Could you copy the records below exactly, leaving out any pictures?
START Exercise input
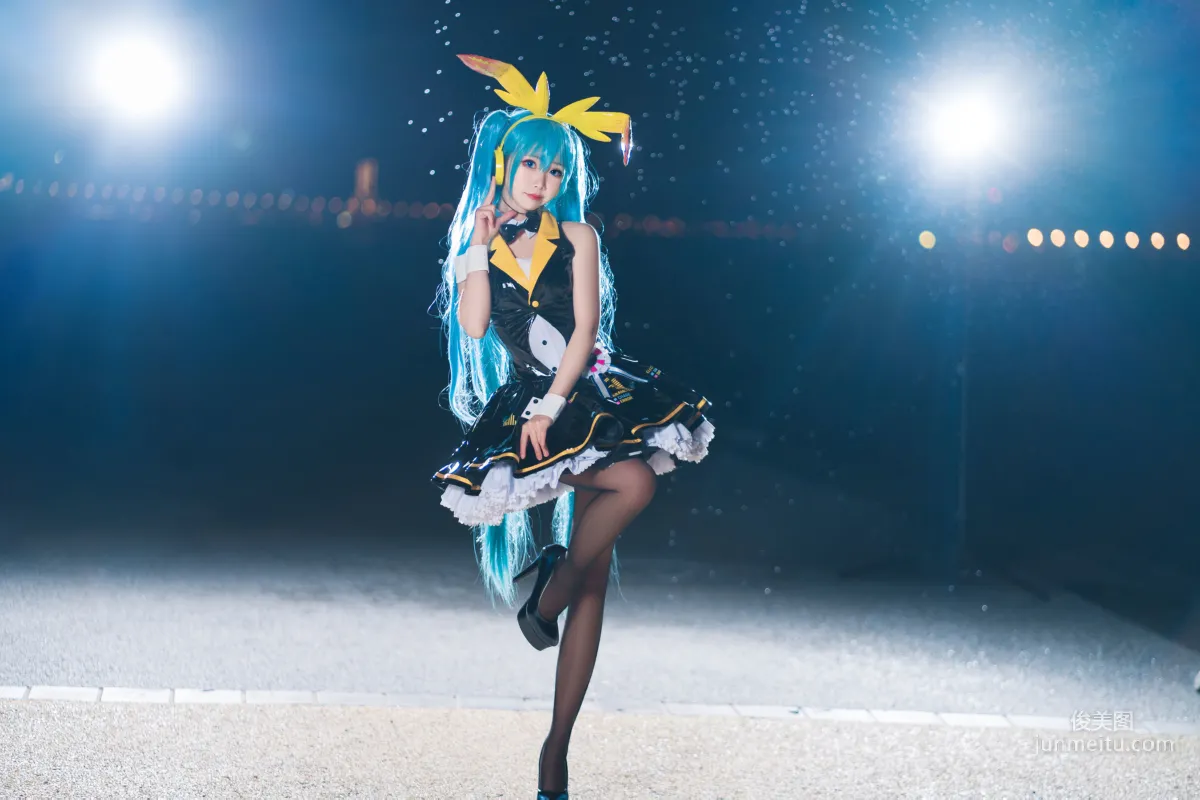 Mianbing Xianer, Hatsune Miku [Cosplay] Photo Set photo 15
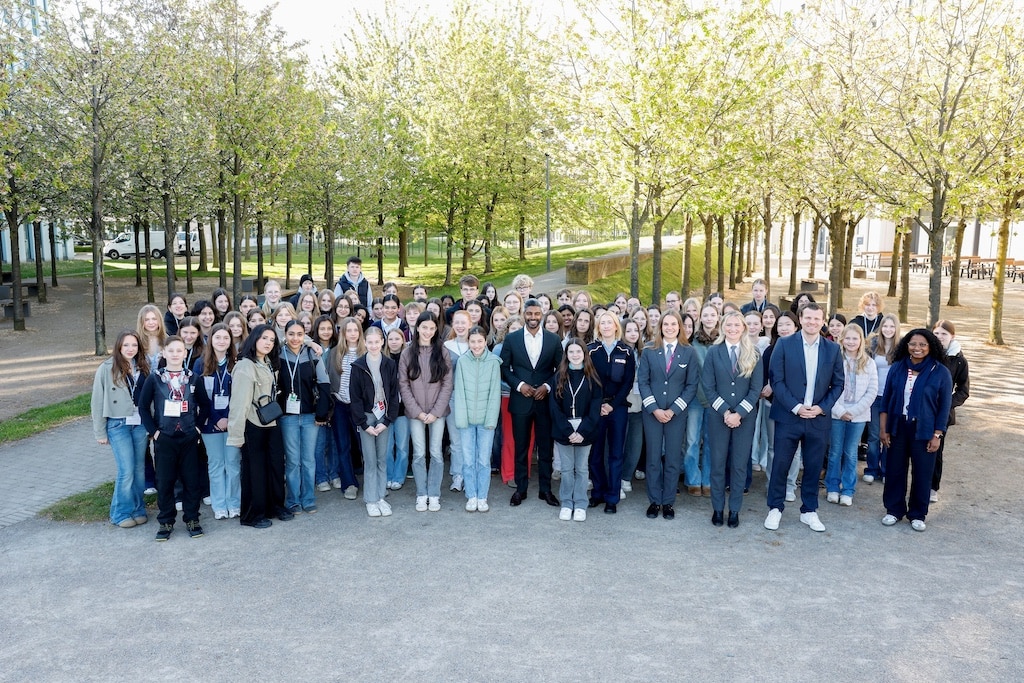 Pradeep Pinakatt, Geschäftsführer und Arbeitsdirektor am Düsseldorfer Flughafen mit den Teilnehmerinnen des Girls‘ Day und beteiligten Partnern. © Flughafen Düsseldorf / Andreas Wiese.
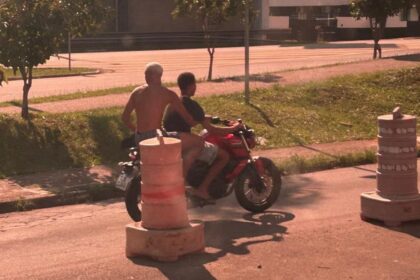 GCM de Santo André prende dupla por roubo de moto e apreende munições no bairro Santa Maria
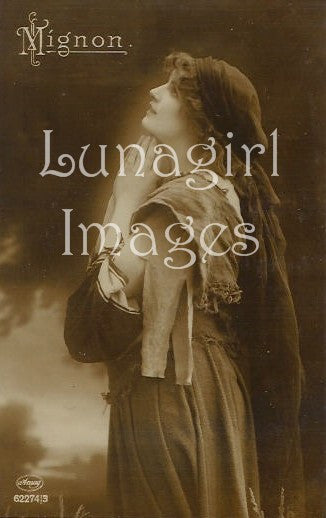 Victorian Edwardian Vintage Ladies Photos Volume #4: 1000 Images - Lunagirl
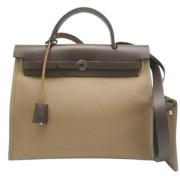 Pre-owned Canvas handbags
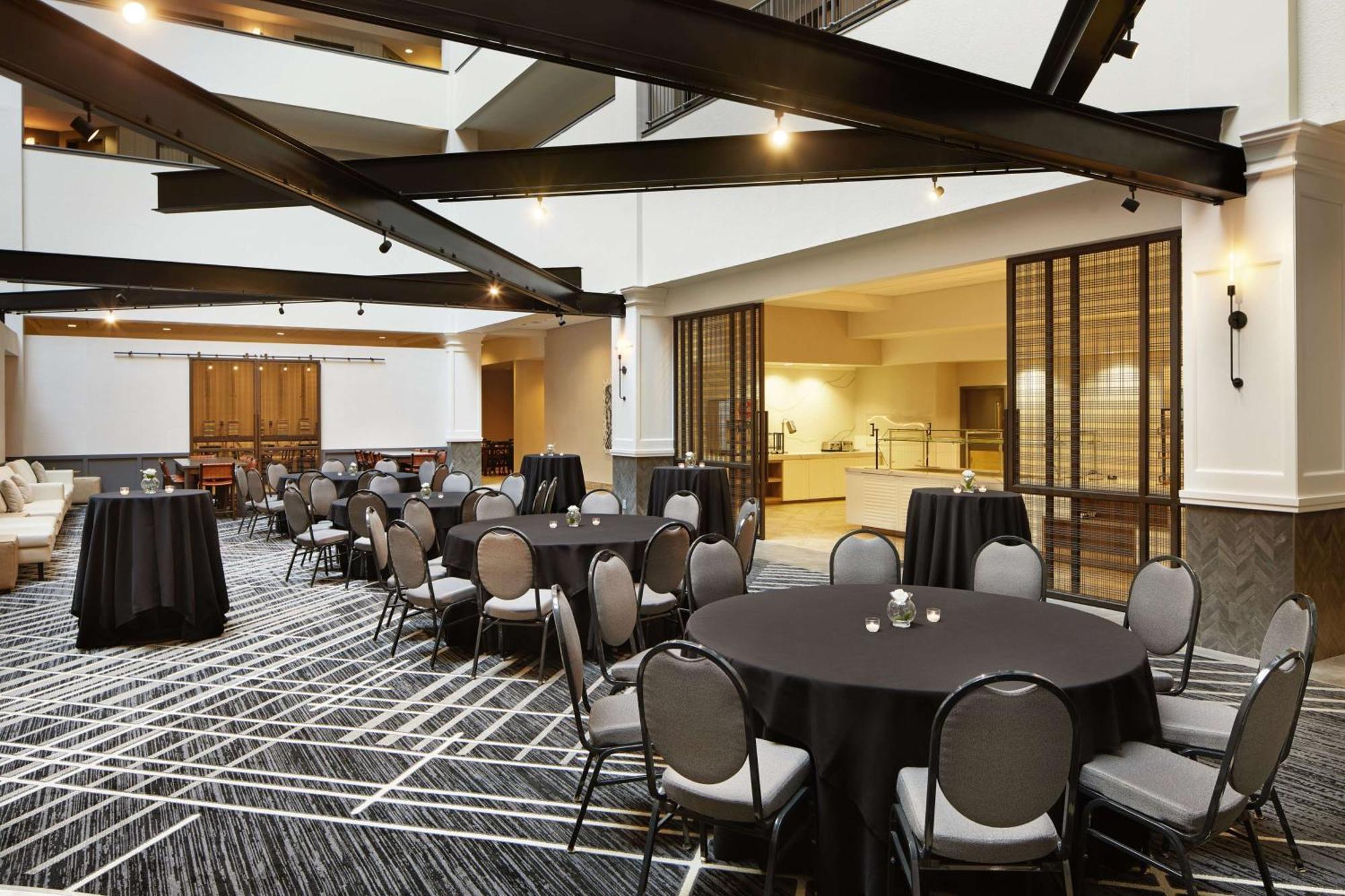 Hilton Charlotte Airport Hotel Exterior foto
END Exercise input
# Task result
 Mianbing Xianer, Hatsune Miku [Cosplay] Photo Set photo 15
 Pradeep Pinakatt, Geschäftsführer und Arbeitsdirektor am Düsseldorfer Flughafen mit den Teilnehmerinnen des Girls‘ Day und beteiligten Partnern. © Flughafen Düsseldorf / Andreas Wiese.
 GCM de Santo André prende dupla por roubo de moto e apreende munições no bairro Santa Maria
 Victorian Edwardian Vintage Ladies Photos Volume #4: 1000 Images - Lunagirl
 Pre-owned Canvas handbags
 Hilton Charlotte Airport Hotel Exterior foto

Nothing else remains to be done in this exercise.